San Francisco is all blues, all sea and sky.
As I remember it, Chicago was green. When it wasn't white, my hometown was the brightest, boldest, classic-crayon green. It was green ivy crawling along the edges of brick brownstones, it was green grass expanding across wide, flat fields, it was tall, green oak trees turning quiet streets into tunnels.
Most days, San Diego seemed yellow: a beaming, brilliant light that made my face squint into a smile. It was light sand and light sky and the lightest, clearest air. It was light buildings in a short skyline and light boats lining the horizon. It was a warm, yellow light that faded into the palest of pinks at sundown.
Oxford was gray, lots of gray. It was the gray of wet sidewalks and centuries-old cobblestone and castles that stretched high into the low, cloud-covered sky. It was the gray of long trench coats and dirty pub floors, the gray of dusty books and weathered pages and a sharpened pencil point.

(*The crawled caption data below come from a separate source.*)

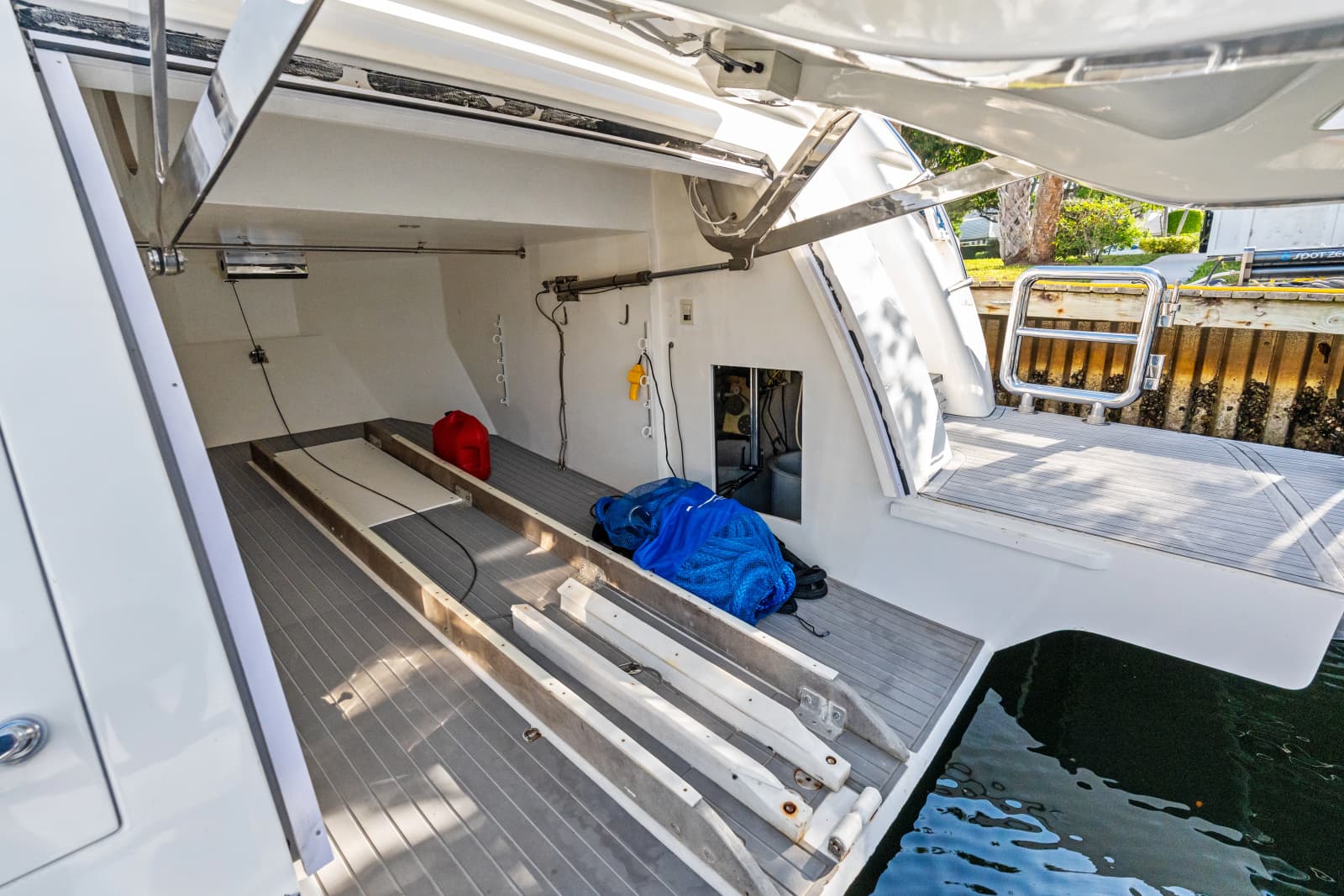 2005 Johnson 87' Motor Yacht - Photo 11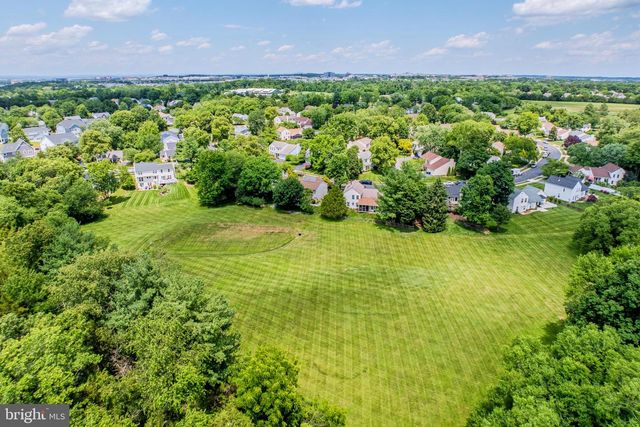 13385 POINT RIDER LN, Herndon, VA 20171
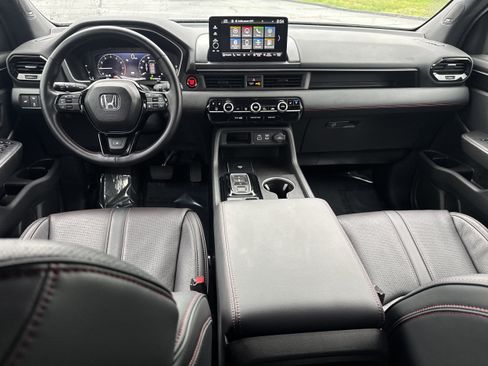 Used 2025 Honda Pilot Black Edition image 19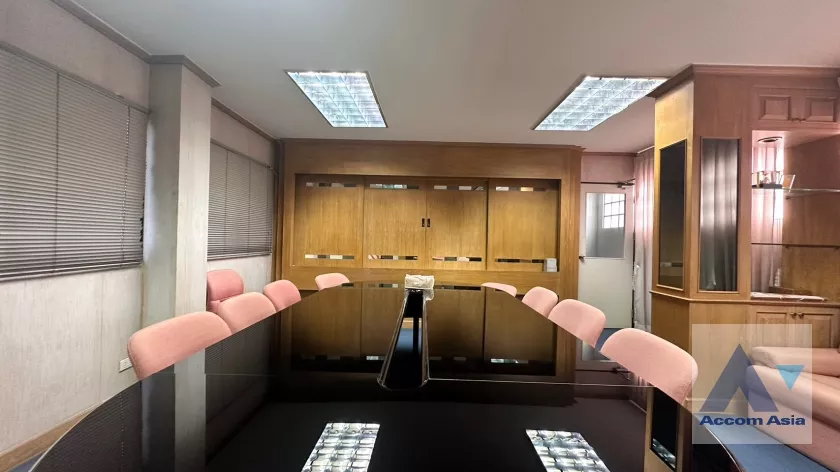 25  Studio Building For Sale in Sukhumvit ,Bangkok BTS Phra khanong AA26619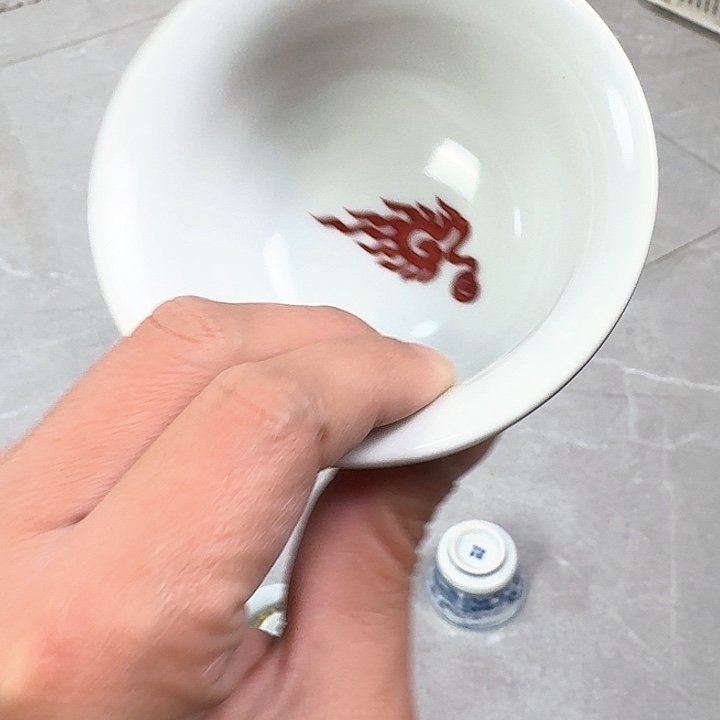 瓷片帆红海水龙大压手杯微瑕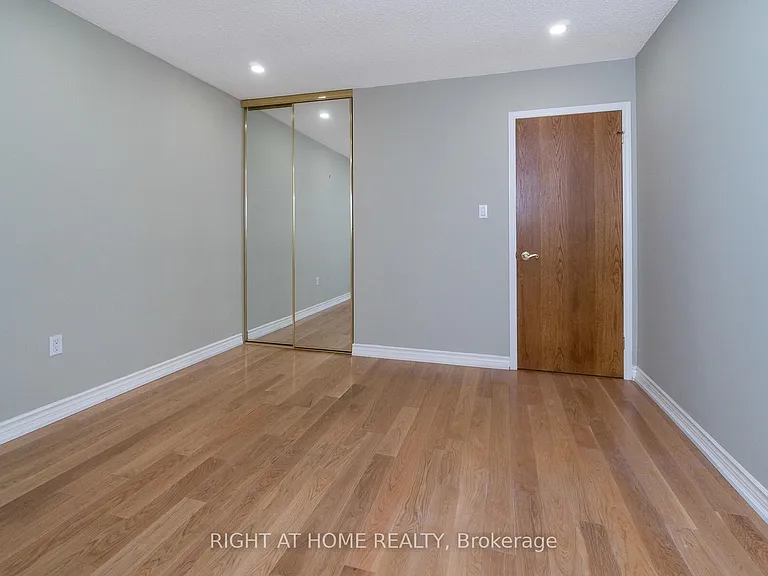 2035 Carleton Ct — Photo 10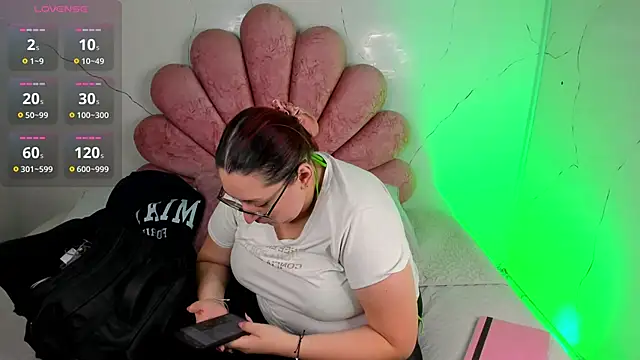 NiickyJones online show from 6, 2, 2026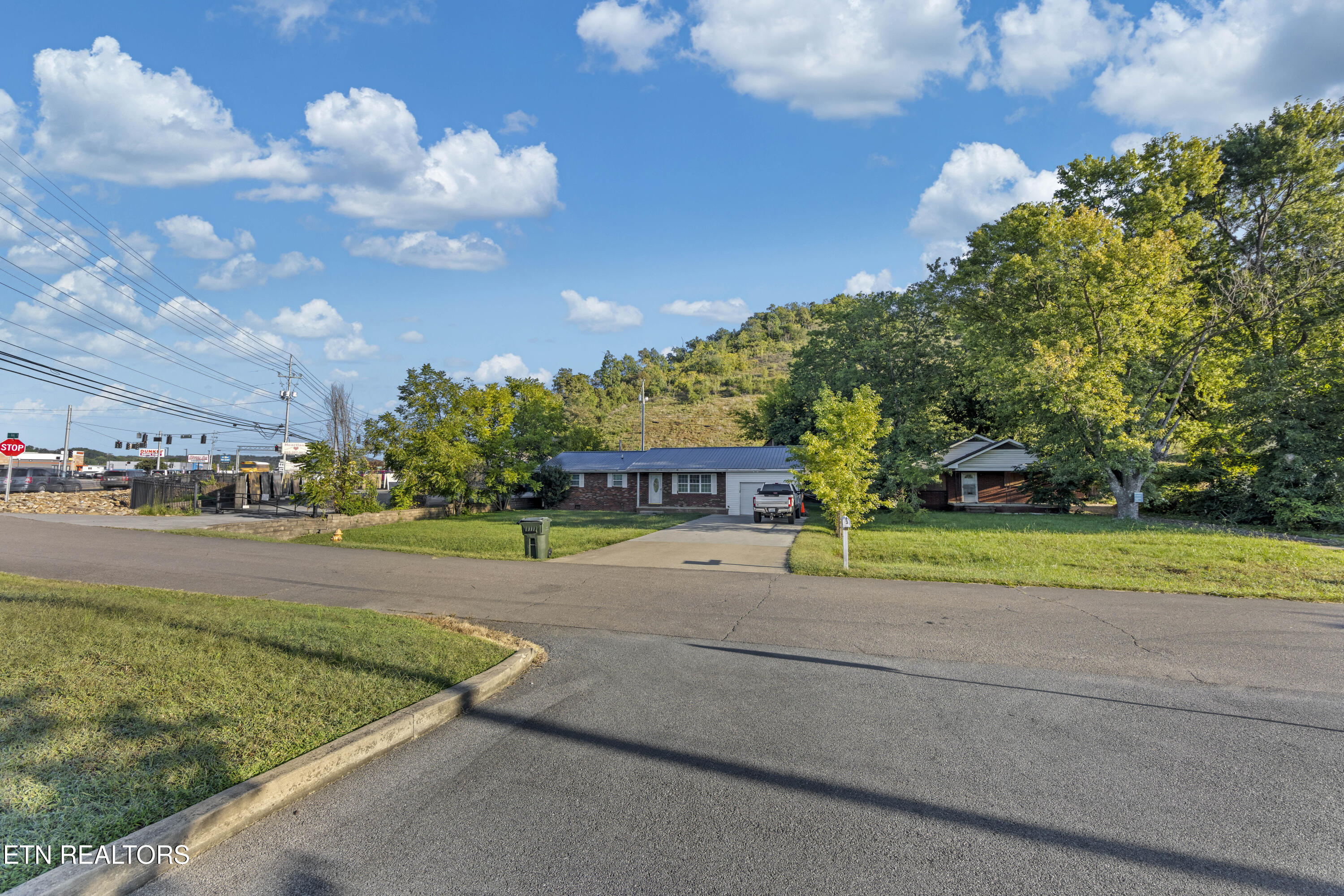 104 King Street Pigeon Forge TN 37862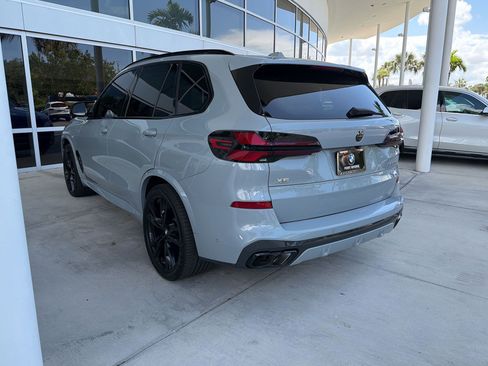Used 2024 BMW X5 M60i AWD/4WD image 3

And San Francisco is just so blue, so beautifully, blissfully blue. It's the blue of a limitless ocean and a broad, clear sky. It's layers of the sunniest blues, teal and turquoise and a glowing cerulean. It's the kind of blue that makes you wonder why the blues are called the blues, the kind of blue that makes you forget why you ever loved green and yellow and gray because the blue, it buoys you. It fills you up like a long, light, sigh of a breath that comes from knowing, yes, you're right where you're meant to be.